Des nuages de poussière sortirent des créatures cauchemardesques : deux énormes loups – aussi gros qu’un cheval – et un spectre vêtu de haillons. Les villageois coururent se mettre à l’abri, terrifiés. La chasse allait être captivante comme l’avait promis Mastar au spectre.

Le premier loup pourchassa un homme qui appela à l’aide. Son cri se termina dans un gargouillis, la gorge arrachée par un puissant coup de patte. Le deuxième arracha la tête de la première proie qui passa à sa portée.

Les villageois se rassemblèrent sur les toits des maisons. Les flèches qu’ils décochèrent sur les loups semblaient avoir autant d’effet qu’une piqûre de guêpe. Quant au spectre, elles lui passaient au travers. Ils se dirent tous qu’ils lutteraient jusqu’au bout, par Kaelliom !

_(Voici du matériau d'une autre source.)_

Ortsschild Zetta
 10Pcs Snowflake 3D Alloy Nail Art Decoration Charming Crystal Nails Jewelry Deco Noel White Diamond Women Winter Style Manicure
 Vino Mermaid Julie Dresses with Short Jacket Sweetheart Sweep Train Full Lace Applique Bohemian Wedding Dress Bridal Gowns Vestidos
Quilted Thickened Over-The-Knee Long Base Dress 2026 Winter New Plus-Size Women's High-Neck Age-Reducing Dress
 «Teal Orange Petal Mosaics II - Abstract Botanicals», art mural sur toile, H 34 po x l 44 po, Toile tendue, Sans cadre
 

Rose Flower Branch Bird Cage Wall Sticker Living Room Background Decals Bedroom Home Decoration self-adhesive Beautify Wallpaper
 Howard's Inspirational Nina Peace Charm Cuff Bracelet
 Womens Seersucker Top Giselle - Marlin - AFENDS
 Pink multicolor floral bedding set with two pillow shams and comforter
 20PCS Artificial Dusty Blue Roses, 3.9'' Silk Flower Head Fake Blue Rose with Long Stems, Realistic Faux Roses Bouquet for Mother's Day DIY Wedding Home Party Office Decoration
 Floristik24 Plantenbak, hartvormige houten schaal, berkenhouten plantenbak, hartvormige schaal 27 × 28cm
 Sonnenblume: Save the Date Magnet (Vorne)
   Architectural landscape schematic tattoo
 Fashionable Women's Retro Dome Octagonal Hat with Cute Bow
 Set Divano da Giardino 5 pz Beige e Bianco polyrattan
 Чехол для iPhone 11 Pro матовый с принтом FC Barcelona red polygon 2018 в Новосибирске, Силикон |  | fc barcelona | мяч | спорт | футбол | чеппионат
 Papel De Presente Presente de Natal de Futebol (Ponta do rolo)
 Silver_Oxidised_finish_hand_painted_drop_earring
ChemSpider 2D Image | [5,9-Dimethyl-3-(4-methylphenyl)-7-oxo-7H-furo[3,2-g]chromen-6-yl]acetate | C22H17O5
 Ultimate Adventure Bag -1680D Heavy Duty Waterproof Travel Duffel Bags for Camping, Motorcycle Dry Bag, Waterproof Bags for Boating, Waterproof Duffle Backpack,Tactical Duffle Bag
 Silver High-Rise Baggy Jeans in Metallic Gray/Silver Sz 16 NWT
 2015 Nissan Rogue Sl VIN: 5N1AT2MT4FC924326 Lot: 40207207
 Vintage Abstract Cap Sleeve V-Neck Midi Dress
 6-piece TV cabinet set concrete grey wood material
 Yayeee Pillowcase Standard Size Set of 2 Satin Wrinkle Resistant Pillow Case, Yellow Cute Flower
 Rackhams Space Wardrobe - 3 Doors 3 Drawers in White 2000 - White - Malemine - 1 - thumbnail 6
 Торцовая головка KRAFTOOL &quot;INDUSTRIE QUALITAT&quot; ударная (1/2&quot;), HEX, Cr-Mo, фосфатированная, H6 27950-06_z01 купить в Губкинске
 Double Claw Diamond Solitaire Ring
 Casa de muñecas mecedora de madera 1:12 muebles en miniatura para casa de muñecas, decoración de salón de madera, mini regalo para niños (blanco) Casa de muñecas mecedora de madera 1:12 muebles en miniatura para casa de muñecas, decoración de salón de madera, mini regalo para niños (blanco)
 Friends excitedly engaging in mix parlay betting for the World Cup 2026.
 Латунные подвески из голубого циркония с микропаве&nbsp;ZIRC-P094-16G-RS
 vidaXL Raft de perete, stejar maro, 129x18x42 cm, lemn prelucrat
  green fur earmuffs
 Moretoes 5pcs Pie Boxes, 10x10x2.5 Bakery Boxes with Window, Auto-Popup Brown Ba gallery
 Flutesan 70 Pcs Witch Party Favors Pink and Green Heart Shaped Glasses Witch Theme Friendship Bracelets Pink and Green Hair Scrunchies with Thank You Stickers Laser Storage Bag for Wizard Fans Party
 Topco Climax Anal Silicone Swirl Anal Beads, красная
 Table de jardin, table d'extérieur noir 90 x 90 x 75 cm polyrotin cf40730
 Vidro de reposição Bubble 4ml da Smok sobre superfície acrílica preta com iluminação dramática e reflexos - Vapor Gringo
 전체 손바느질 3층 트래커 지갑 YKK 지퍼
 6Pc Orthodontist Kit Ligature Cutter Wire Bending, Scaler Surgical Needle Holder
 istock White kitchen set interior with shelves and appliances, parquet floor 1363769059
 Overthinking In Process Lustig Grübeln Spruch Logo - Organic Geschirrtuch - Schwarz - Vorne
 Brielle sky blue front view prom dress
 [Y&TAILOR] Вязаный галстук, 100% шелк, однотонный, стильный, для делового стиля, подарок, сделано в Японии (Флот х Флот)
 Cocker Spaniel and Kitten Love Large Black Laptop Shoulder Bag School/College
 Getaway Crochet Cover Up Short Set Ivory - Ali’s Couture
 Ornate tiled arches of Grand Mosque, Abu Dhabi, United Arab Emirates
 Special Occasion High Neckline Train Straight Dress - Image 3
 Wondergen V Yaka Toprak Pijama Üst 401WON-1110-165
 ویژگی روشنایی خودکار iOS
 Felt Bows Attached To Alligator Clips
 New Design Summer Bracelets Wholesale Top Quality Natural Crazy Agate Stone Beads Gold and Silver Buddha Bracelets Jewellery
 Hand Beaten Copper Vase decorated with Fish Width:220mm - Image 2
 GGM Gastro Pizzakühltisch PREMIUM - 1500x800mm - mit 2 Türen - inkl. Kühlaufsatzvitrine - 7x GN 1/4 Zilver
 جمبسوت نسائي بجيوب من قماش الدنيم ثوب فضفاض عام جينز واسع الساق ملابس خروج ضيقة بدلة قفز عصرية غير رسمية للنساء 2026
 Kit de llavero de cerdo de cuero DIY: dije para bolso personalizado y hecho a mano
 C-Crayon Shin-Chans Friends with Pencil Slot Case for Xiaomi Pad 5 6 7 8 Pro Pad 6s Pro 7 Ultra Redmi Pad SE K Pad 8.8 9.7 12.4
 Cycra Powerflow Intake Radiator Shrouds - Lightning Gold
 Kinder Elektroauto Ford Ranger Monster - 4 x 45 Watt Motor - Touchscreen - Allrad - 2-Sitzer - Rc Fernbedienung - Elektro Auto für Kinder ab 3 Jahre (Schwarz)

Mastar observait son œuvre dans une bassine remplie d’eau, au fond de sa caverne. S’amusant de la ténacité des humains, leur cœur encore empli d’espoir. Et quand le désespoir se lirait sur leur visage, il jubilerait.

— Si tu es contre moi misérable petit Eldyrien, alors tu vas goûter à l’amertume de la culpabilité, affirma-t-il.

Ce qu’il venait de déclencher lui avait coûté en énergie, mais il fallait briser le cœur de ce Kaldor. Il ferait regretter à ce désigné, d’être né ! Nul ne devait se mettre en travers de sa route, ni hommes ni dieux.